Aim 1. Screen and characterisation of small molecules As part of an established collaboration, we have identified and modified small molecules that bind and inhibit SVN. We will further modify these molecules to make them better for antigen presentation inside tumour cells. With that experience, we will identify and screen small molecules targeting KRAS. We will characterise the binding affinity of the new small molecules to the relevant target proteins using techniques including native mass spectrometry and crystal soaking. Optimisation of the key structural parameters of each small molecule will also be performed so as to maximise biological activity.

Aim 2. Test the small molecules on enhancing antigen presentation in tumour cells Here we will engage T cell clones that recognise the antigenic peptides presented by tumour cells. This experimental system is already set up in the Department of Oncology. The small molecules developed can also be tested using in vivo xenograft tumour models. We have previously made and modified small molecules for SVN (LQZ-7I) and, pleasingly, the molecule shows binding and inhibition of tumour cells in our assays. 

Aim 3. Combination therapy with tumour therapeutic vaccines  OVM is an Oxford University spinout SME that develops tumour therapeutic vaccines. The SNV-based therapeutic vaccine (OVM-200) is in Phase I clinical trial in the UK. The KRAS-based vaccine (OVM-400) is in its development pipeline. The small molecules developed in Aim 1 & 2 will be tested in combination with OVM-200 or OVM-400 in xenograft animal models. If the in vitro work going on well, OVM will license the technology and develop the project further into preclinical and clinical trials.

Training Opportunities: 

Oxford Vacmedix UK Ltd (OVM), based in the Oxford Science Park, UK, is a clinical-stage biopharma company that utilizes the novel proprietary platform technology of recombinant overlapping peptides (ROPs). ROPs have been validated as a technology to stimulate broad and strong T cell immunity, therefore, forming a good platform for cancer therapeutic vaccines and diagnostics. The company is a spin-out of the University of Oxford. There are several cancer therapeutic vaccines in the development pipeline. OVM-200 (targeting survivin) is in the Phase I clinical trial stage. The indications are non-small cell lung cancer, ovarian cancer and prostate cancer. OVM-100 (targeting HPV16-E7) is in the process development stage. The indications for OVM-100 are cervical cancer and head/neck cancer. OVM-300 and OVM-400 are in the preclinical stage and target prostate-specific antigen (PSA) in prostate cancer and KRAS in pancreatic cancer, respectively. Moreover, OVM has developed a lateral flow immunoassay (LFIA) for the fast diagnosis of antibiotic resistance to bacterial infections.

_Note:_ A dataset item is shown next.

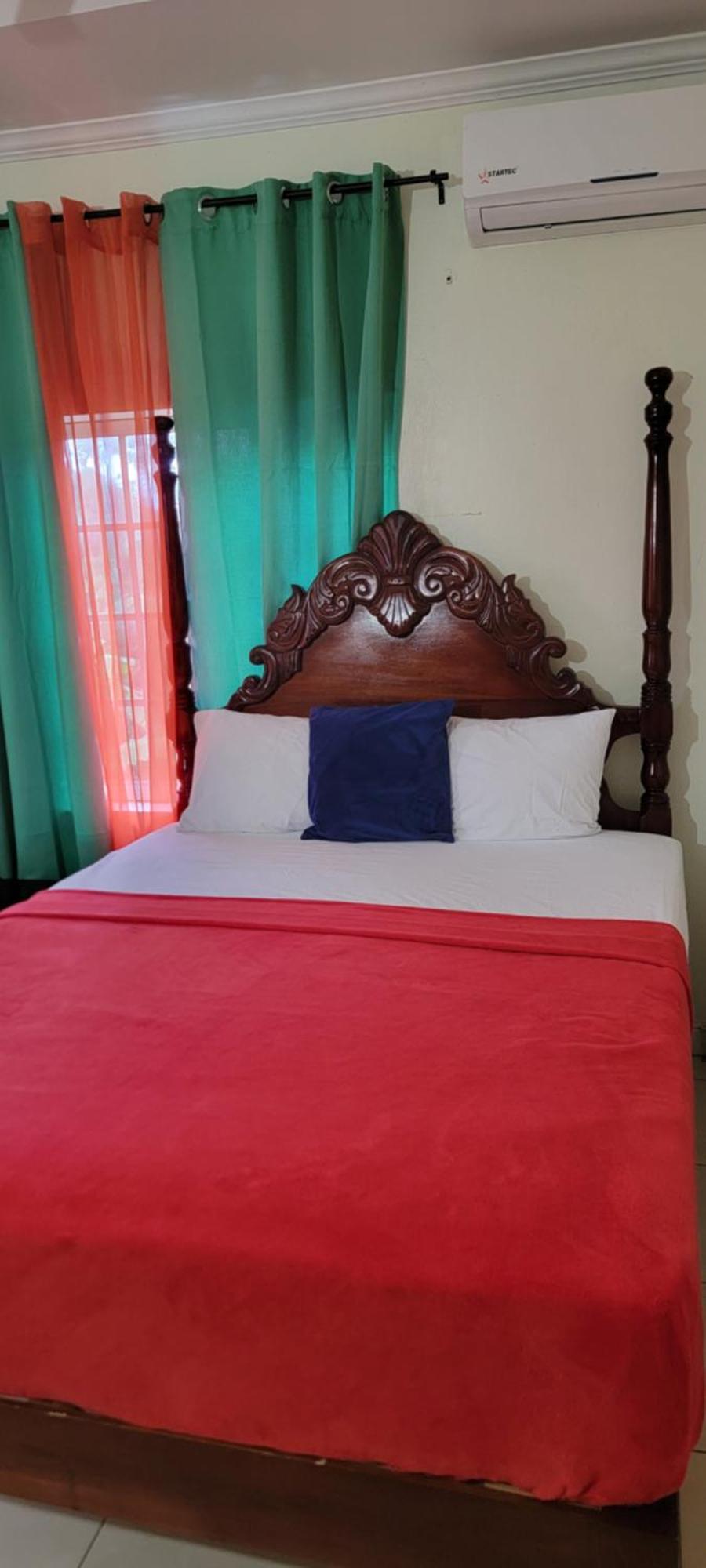 Wizzy Apartment White River Ocho Rios Buitenkant foto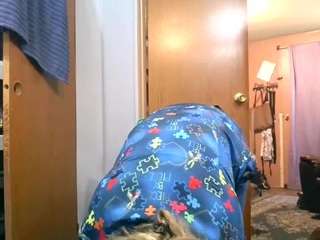 BlondeBootyCutie live cam preview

The student will test the small molecules co-developed by the Departments of Chemistry and Oncology in the vaccine models used by OVM. Moreover, the students will gain hands-on experience in Oxford Vacmedix UK Ltd learning new skills regarding technology transfer and drug development.

Relevant Publications:

Stephens, A.J., Burgess-Brown, N.A. and Jiang, S., 2021. Beyond just peptide antigens: the complex world of peptide-based cancer vaccines. Frontiers in Immunology12, p.696791.

Sun, G., Rong, D., Li, Z., Sun, G., Wu, F., Li, X., Cao, H., Cheng, Y., Tang, W. and Sun, Y., 2021. Role of small molecule targeted compounds in cancer: progress, opportunities, and challenges. Frontiers in Cell and Developmental Biology9, p.694363.